Скинув одежду, прошла в горницу, уселась в кресло, свежая с мороза, краснощёкая.
– Он меня, общественный паразит, достал! Мне денег на автобус жалко, я всё зайцем ездила. Зачем я должна платить? Я же безработная. Тем более водители воруют: перепродают использованные билеты.

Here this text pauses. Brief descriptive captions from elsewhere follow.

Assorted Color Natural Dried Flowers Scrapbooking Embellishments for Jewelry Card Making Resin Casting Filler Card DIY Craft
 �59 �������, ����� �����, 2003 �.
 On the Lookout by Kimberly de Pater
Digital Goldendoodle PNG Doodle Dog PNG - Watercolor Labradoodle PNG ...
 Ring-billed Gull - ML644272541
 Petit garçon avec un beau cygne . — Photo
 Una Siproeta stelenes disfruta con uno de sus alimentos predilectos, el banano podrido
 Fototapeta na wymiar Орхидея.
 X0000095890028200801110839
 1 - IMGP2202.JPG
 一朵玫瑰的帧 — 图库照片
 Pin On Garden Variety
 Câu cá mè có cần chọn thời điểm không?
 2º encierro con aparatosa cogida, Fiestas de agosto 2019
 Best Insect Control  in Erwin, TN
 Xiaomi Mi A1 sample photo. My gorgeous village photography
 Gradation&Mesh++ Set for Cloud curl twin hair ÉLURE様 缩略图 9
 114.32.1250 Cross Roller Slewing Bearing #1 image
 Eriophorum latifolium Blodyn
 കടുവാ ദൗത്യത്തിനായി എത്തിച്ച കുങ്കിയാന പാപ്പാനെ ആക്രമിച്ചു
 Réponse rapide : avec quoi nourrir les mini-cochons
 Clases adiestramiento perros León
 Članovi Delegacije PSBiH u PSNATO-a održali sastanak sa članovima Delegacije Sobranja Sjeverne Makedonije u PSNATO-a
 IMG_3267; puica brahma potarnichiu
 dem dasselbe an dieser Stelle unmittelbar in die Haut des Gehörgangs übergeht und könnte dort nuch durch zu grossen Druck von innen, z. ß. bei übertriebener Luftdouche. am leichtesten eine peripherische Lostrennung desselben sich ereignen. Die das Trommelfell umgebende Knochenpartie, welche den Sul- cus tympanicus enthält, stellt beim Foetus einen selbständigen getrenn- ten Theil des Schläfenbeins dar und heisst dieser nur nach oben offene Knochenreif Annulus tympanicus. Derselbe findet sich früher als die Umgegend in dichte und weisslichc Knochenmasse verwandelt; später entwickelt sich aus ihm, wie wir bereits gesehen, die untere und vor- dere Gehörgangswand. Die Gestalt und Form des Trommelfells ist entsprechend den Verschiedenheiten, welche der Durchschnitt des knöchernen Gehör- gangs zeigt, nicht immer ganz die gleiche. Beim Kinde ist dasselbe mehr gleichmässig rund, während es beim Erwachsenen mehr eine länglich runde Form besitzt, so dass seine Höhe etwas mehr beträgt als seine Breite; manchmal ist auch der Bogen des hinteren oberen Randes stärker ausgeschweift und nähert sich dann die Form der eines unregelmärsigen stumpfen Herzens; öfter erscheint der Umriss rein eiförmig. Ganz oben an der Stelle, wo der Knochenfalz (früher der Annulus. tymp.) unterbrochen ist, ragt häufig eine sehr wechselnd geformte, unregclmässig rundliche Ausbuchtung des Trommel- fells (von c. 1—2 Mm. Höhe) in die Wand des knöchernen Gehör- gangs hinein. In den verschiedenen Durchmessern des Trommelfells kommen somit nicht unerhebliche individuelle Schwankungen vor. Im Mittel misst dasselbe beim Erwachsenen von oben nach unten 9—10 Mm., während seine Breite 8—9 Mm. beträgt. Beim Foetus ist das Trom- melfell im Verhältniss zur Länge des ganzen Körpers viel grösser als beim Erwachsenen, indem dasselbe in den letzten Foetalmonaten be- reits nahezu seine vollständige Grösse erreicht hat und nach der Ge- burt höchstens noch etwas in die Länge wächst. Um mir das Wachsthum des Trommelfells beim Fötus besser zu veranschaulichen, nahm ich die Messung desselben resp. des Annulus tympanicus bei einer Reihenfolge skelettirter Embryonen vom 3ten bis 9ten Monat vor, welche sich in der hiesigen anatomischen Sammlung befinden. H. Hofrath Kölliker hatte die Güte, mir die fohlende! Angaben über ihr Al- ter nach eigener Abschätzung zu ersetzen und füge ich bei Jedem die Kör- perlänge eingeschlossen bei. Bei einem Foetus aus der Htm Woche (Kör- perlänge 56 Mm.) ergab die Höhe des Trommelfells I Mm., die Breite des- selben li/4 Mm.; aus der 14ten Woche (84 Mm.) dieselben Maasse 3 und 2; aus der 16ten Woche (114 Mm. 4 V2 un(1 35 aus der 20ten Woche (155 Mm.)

Это давно ещё началось, когда мы с вами познакомились. Ехала я в автобусе, решила сохранить билет. На остановке выхожу спокойненько, уверена, что билетик будет со мной. И, ё-моё, в дверях он меня останавливает вот так рукой, причём нагло, потянулся за билетом, вырвал. Я на него посмотрела и запомнила. Потому что вблизи я и без очков хорошо вижу. «Ну, ничего, – думаю, – погоди!» И вот как-то раз попала я опять на этот маршрут. Водителя заметила издали. У него ещё внешность такая – маленький, щупленький. «Ага, – думаю, – ну я тебе сейчас покажу!» Иду на выход, моя очередь, билет я всё-таки купила. И вот он хотел его схватить, а я – хоп-с и нарочно выпустила у него под носом. Билетик шик – и полетел. Крутится, как листик. Он так следит за ним… Сошла и думаю: «Ничего, на этом твои мучения не кончились!» На следующий раз (что-то он стал мне часто попадаться в последнее время) – опять он. «Ага, – думаю, – ты продолжаешь у бедных людей билеты отнимать, чтобы перепродавать обратно!» Ладно, купила билетик. И нарочно порвала его вдоль почти до конца. Загнула ножки в разные стороны, иду, показываю. Он думал: я опять брошу, хвать за кончик! а я выпустила – бумажные ножки-то у него в руках раздвинулись в разные стороны, ха-ха! Я уж не видела, как он там… И вот иду сегодня на выход, опять он у двери стоит, билеты из рук у людей выщипывает. Выщипывает, выщипывает… а меня увидел – и руки по швам! Я спокойно прошла, думаю: «Вот молодец, исправляться начал».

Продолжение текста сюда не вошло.